Most polling centers were closed at 7 p.m. local time on the dot, despite the fact that they opened four to five hours late, on the unscheduled third day of voting in Zimbabwe's presidential election.
Huge, slow-moving lines of people had been waiting outside polling stations on Saturday and Sunday. Despite that, the ruling party, ZANU-PF, says few people went to the polls on Monday. But that assertion is contradicted by reports from all over the city that in some places hundreds of people were still waiting to vote when officials shut the gates and started sealing the ballot boxes.
One man told VOA he had waited in line for three days but still was not able to cast his ballot.
He said the crowd became agitated and started shouting at the police when they tried to close the gates of the polling station. He said, "they wanted to vote."
At one polling station, several international election observers said they had prevented election officials from shutting down 45 minutes early, despite the hundreds of voters waiting outside. Police eventually dispersed the crowd, and no further voting took place.
Zimbabwean Information Minister Jonathan Moyo insists there were not many voters at the polls on Monday. He told reporters many election agents spent the day "twiddling their fingers." And he denied that the difficulty people had voting in Harare should lead to any real questions about the fairness of the poll. "We do not believe that just because there is a long queue, then there is a problem," he said.
But the main opposition presidential candidate, Morgan Tsvangirai, says he believes the government intentionally tried to keep his supporters in the cities from voting. "It is unimaginable to see people determined to exercise that democratic right and their government determined to deny them," he said.

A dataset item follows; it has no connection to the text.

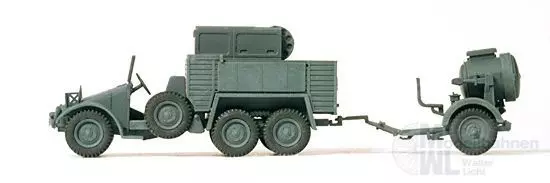 Preiser 16584 - Scheinwerferkw KFZ 83. Krupp. H0 1:87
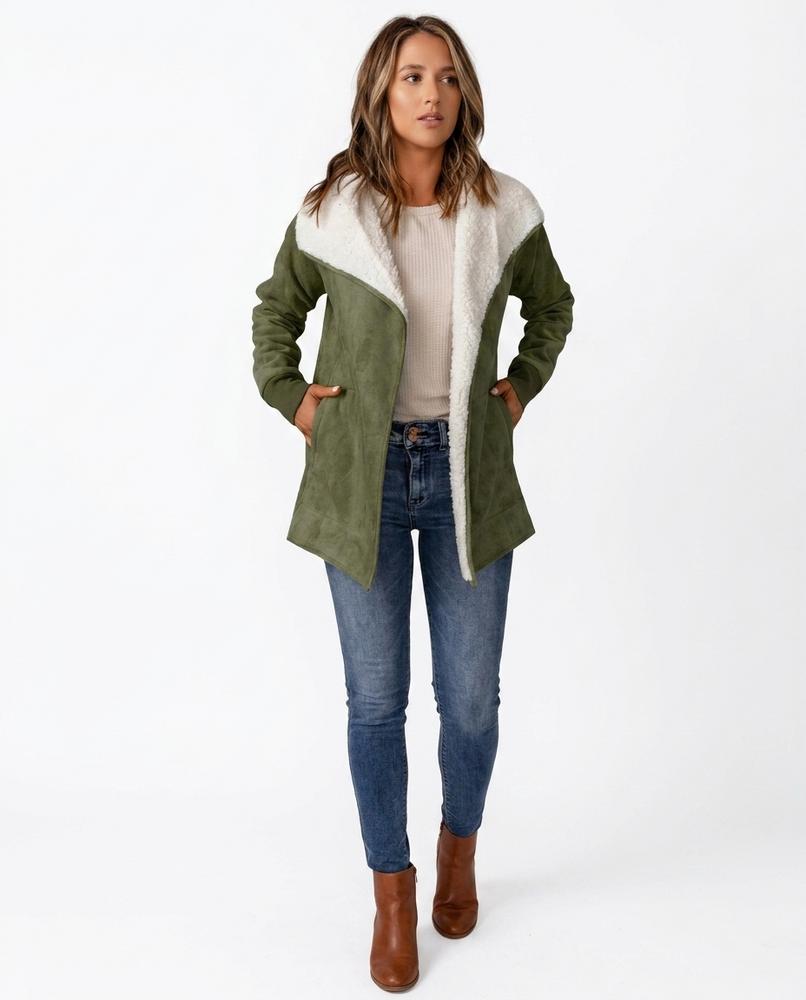 Nord Wear - Nenot | Sherpa-Lined Open-Front Coat Women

Mr. Tsvangirai has urged his supporters to remain calm, but he says he fears the election is being rigged.
Mr. Tsvangirai poses a stiff challenge to incumbent President Robert Mugabe, who has ruled Zimbabwe since independence in 1980. It is the first time Mr. Mugabe has faced a serious threat to his hold on the presidency.
The opposition leader spoke after the arrests of several high-ranking members of his party, including MDC Secretary-General Welshman Ncube. It is not clear what they were arrested for, but Mr. Tsvangirai said his party will not succumb to what he called intimidation or threats.
Meanwhile, the U.S. Embassy says police detained four U.S. diplomats in the town of Chinhoyi, about 100 kilometers southwest of Harare. A U.S. spokesman says they were stopped at a roadblock and detained at a nearby police station for about five hours before being released.
Two of the diplomats are accredited as election observers. The spokesman says he has received no satisfactory reason for the detention, which he calls a "clear violation of diplomatic norms."